#### [Work instructions]
Once the images are set aside, output the listing exactly as it stands.

#### [Data supplied]

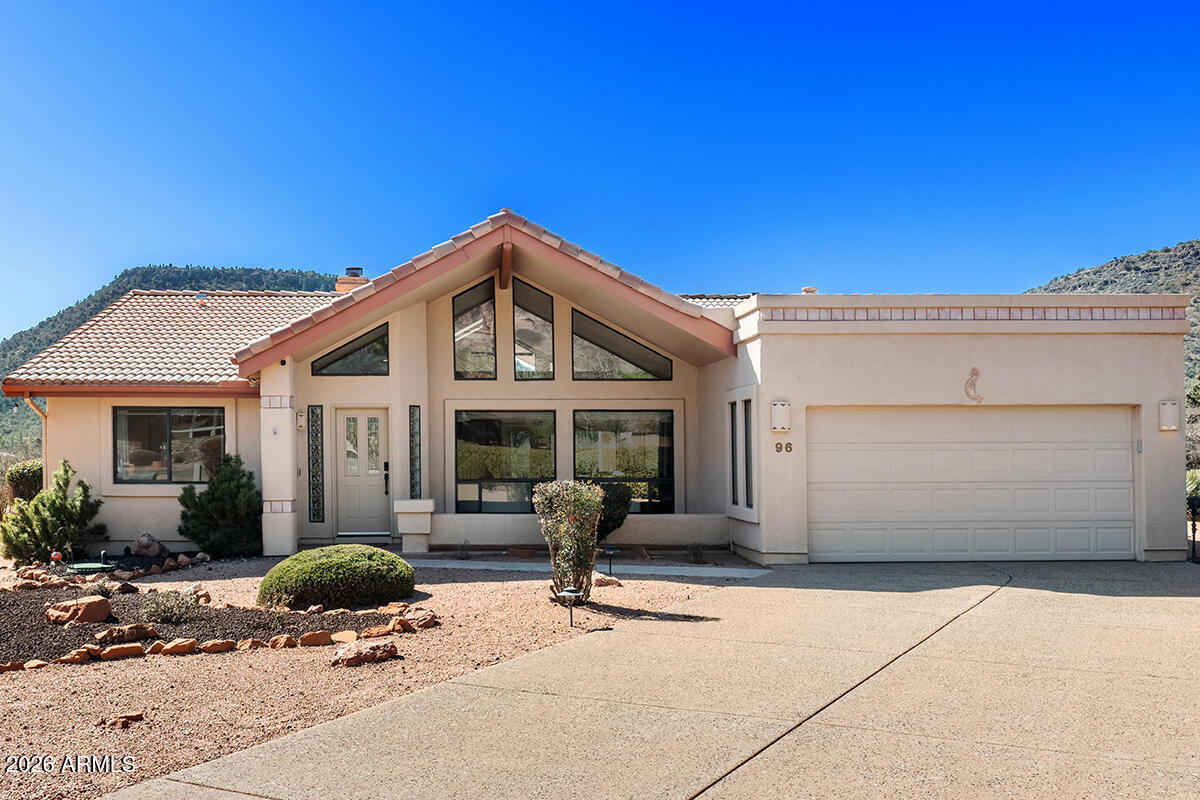 A NO HOA property in Sedona! Close to one of the most beautiful golf courses in the state, Sedona Golf Resort! A long driveway leads you to this elegantly built, single level home. Enjoy views of Castle Rock from the living room, or bask in the beauty of House Mountain from the  backyard patio. With a built in outdoor grill, it's an ideal house to host evening dinners. The kitchen's equipped with upgraded appliances and large granite countertops. While the bedrooms have been remodeled with sleek, 6 foot tile flooring. Large windows fill every room with natural light, yet the home's Northern orientation ensures there's never too much direct sunlight. To have a beautiful no HOA home in the Village of Oak Creek is rare. Whether you are looking for a primary residence or an investment, this one checks all the boxes. By appointment only. No walk ups please.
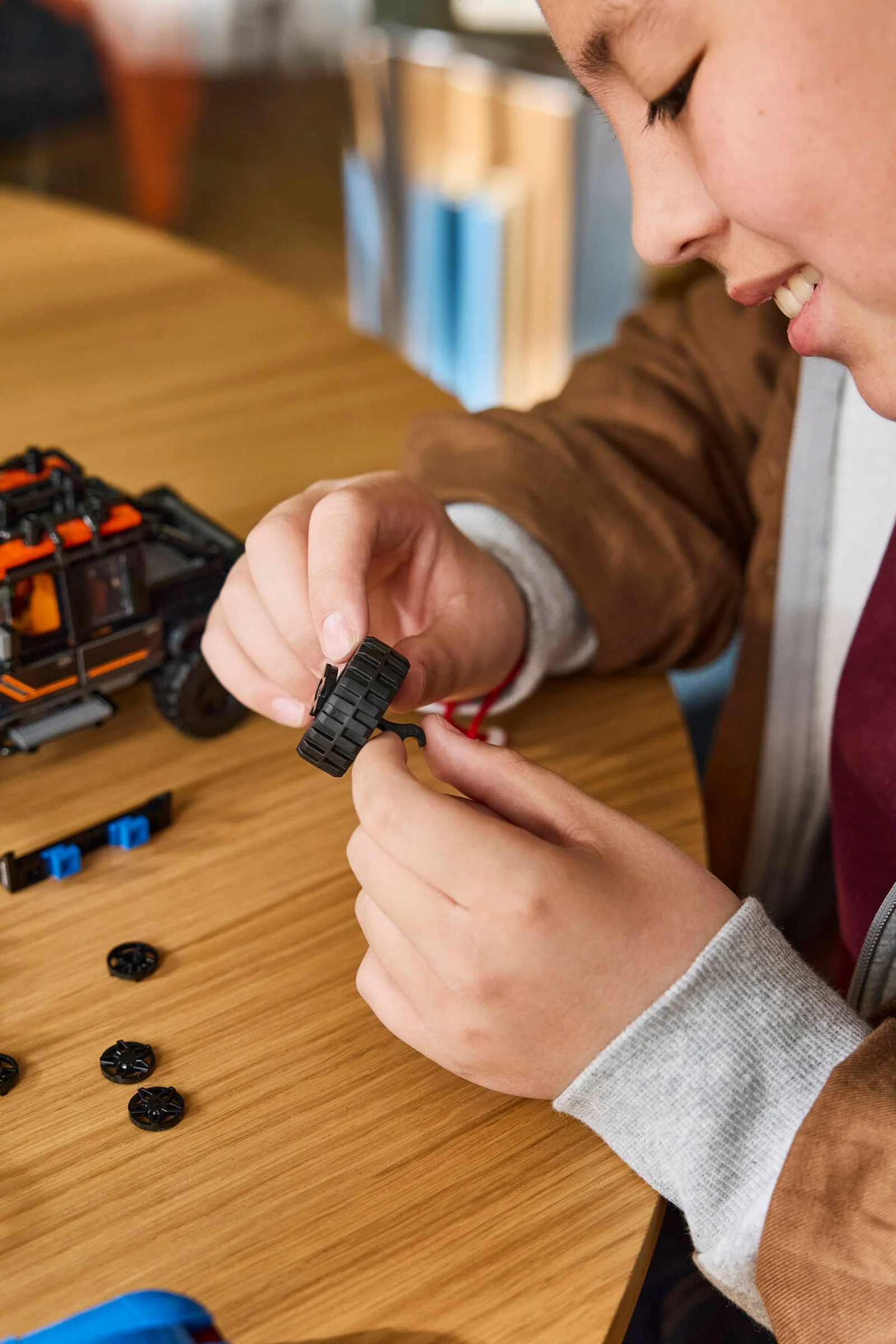 Copil asamblând roțile modelului Land Rover Defender Classic LEGO.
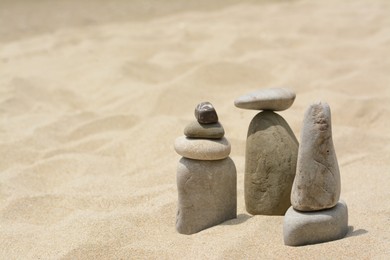 Photo of Stacksstones on beautiful sandy beach, space for text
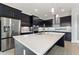 Modern kitchen with stainless steel appliances and a large island at 107 Hampton Loop, Davenport, FL 33837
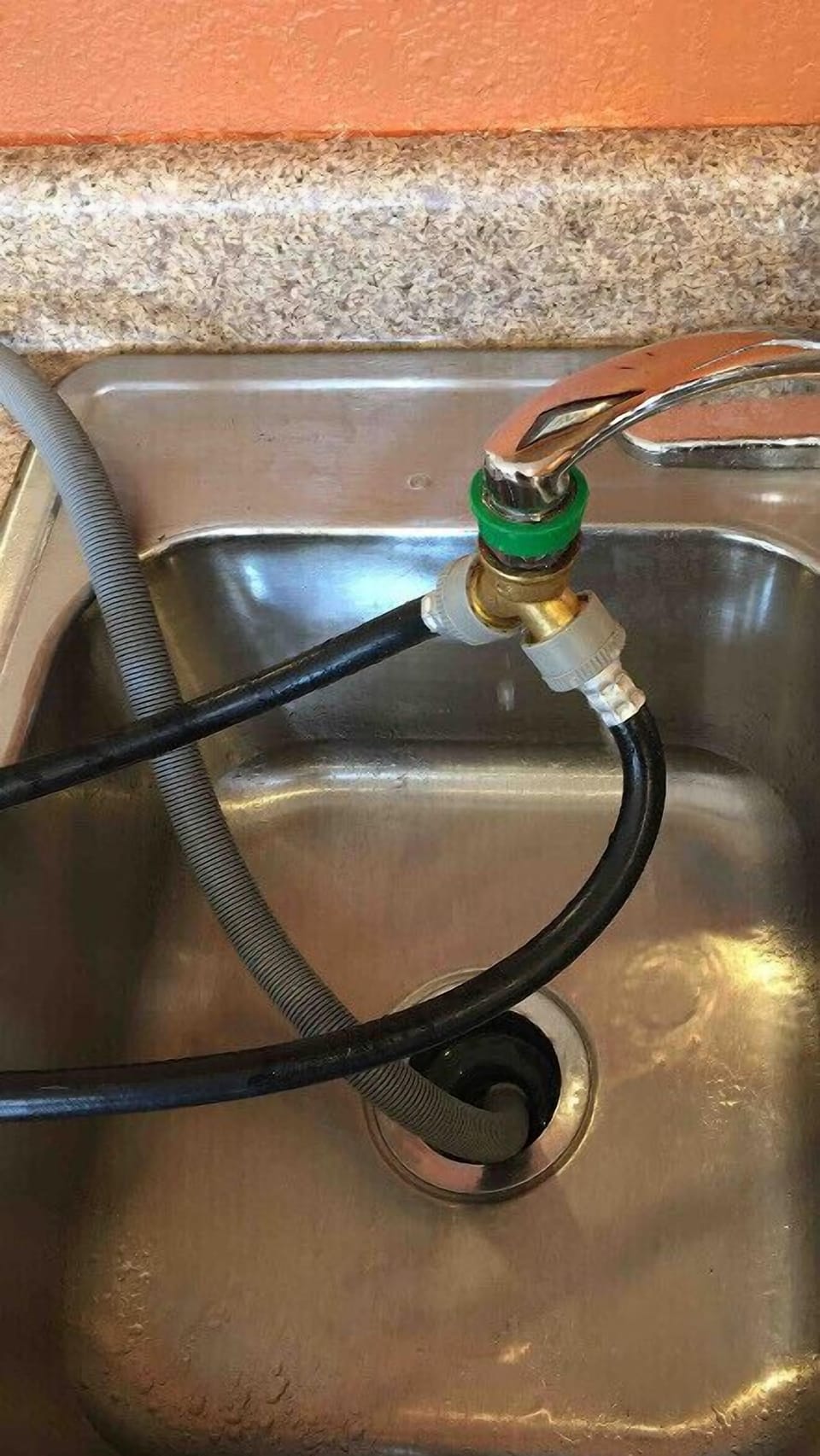 Washing machine hose attached to kitchen faucet. Manual under kitchen sink.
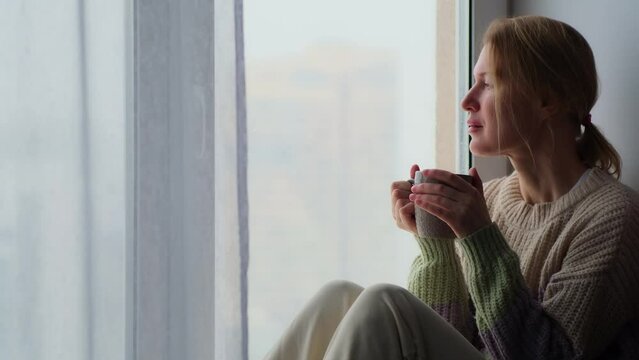 Dreamy adult woman drinks morning tea or coffee, sitting on the windowsill in a cozy apartment and draws with her finger on the window pane.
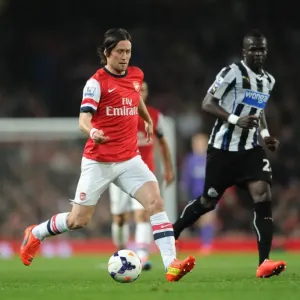 Rosicky Outpaces Tiote: Intense Moment from Arsenal vs. Newcastle United, Premier League 2013-2014 Rosicky Outpaces Tiote: Intense Moment from Arsenal vs. Newcastle United, Premier League 2013-2014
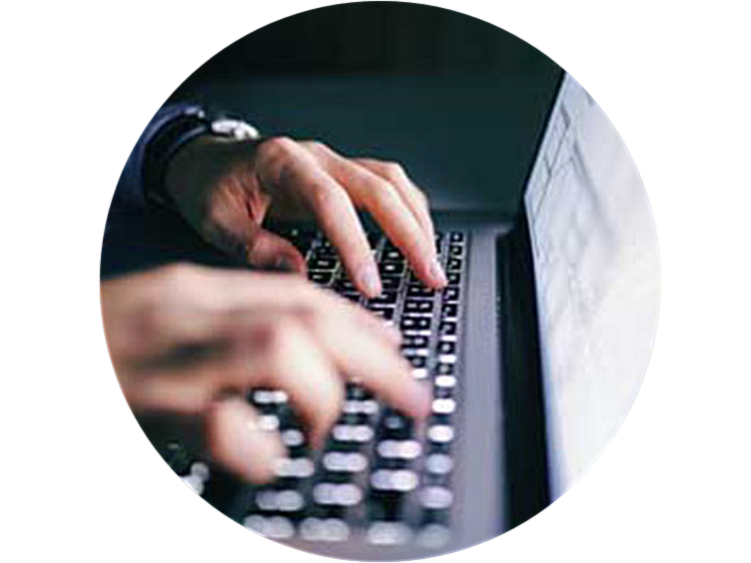 Close-up of a person's hands typing on a laptop keyboard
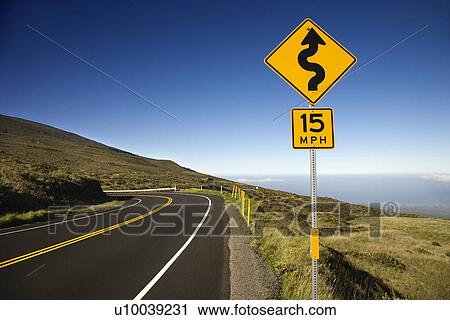 Stock Image - Curvy road sign in Haleakala National Park, Maui, Hawaii.. Fotosearch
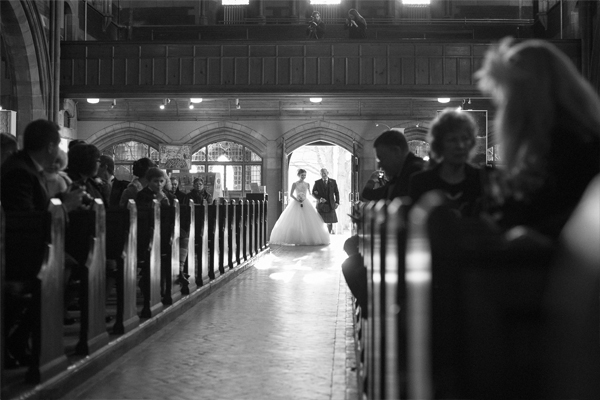 bride walking down the aisle with father in church wedding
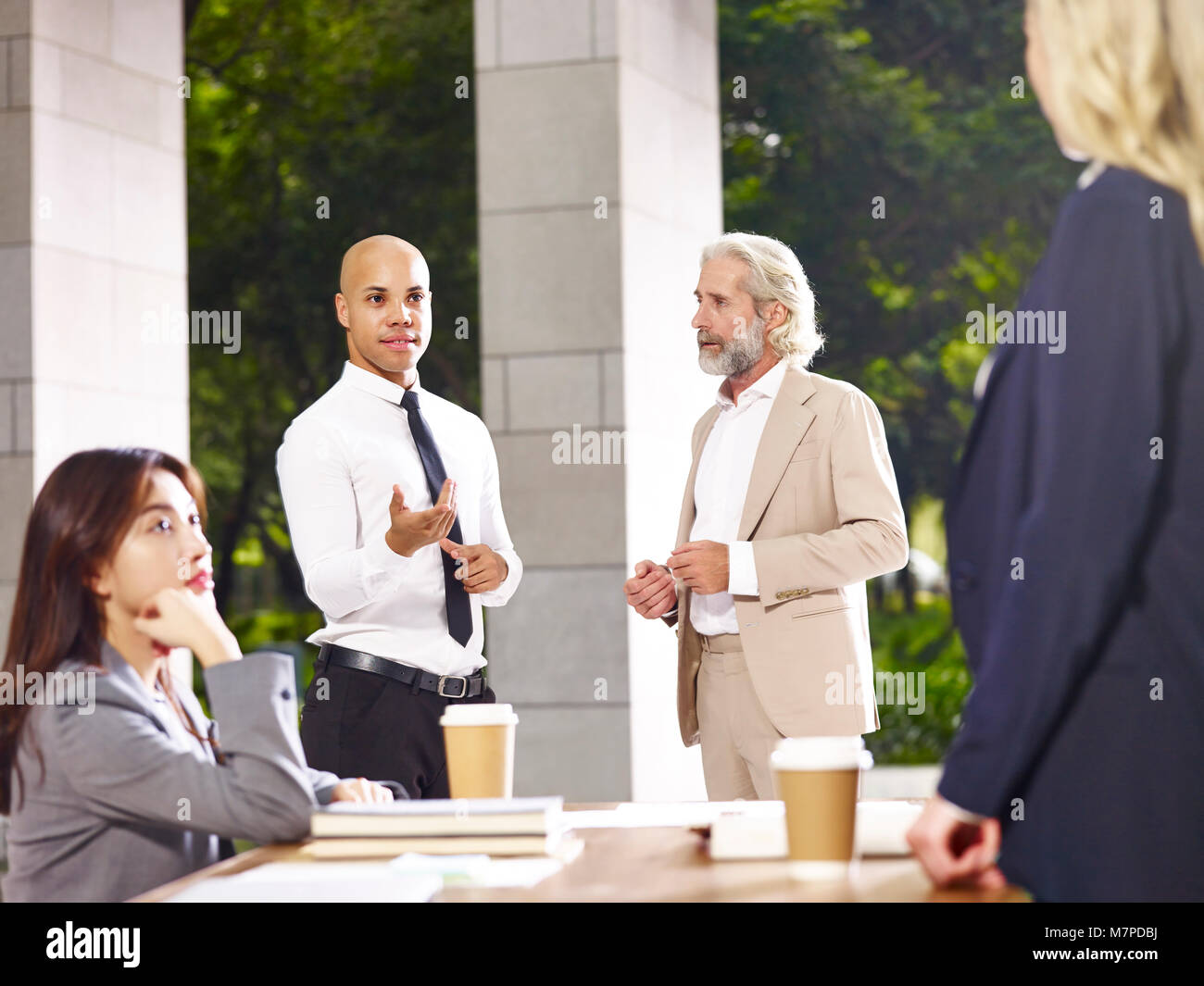 Ejecutivos corporativos multiétnica discutiendo debatiendo durante la reunión Foto de stock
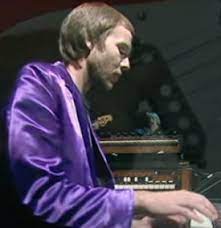 Alan Clark arrives as Dire Straits keyboard player.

#### [Exercise response]
 A NO HOA property in Sedona! Close to one of the most beautiful golf courses in the state, Sedona Golf Resort! A long driveway leads you to this elegantly built, single level home. Enjoy views of Castle Rock from the living room, or bask in the beauty of House Mountain from the  backyard patio. With a built in outdoor grill, it's an ideal house to host evening dinners. The kitchen's equipped with upgraded appliances and large granite countertops. While the bedrooms have been remodeled with sleek, 6 foot tile flooring. Large windows fill every room with natural light, yet the home's Northern orientation ensures there's never too much direct sunlight. To have a beautiful no HOA home in the Village of Oak Creek is rare. Whether you are looking for a primary residence or an investment, this one checks all the boxes. By appointment only. No walk ups please.
 Copil asamblând roțile modelului Land Rover Defender Classic LEGO.
 Photo of Stacksstones on beautiful sandy beach, space for text
 Modern kitchen with stainless steel appliances and a large island at 107 Hampton Loop, Davenport, FL 33837
 Washing machine hose attached to kitchen faucet. Manual under kitchen sink.
 Dreamy adult woman drinks morning tea or coffee, sitting on the windowsill in a cozy apartment and draws with her finger on the window pane.
 Rosicky Outpaces Tiote: Intense Moment from Arsenal vs. Newcastle United, Premier League 2013-2014 Rosicky Outpaces Tiote: Intense Moment from Arsenal vs. Newcastle United, Premier League 2013-2014
 Close-up of a person's hands typing on a laptop keyboard
 Stock Image - Curvy road sign in Haleakala National Park, Maui, Hawaii.. Fotosearch
 bride walking down the aisle with father in church wedding
 Ejecutivos corporativos multiétnica discutiendo debatiendo durante la reunión Foto de stock
 Alan Clark arrives as Dire Straits keyboard player.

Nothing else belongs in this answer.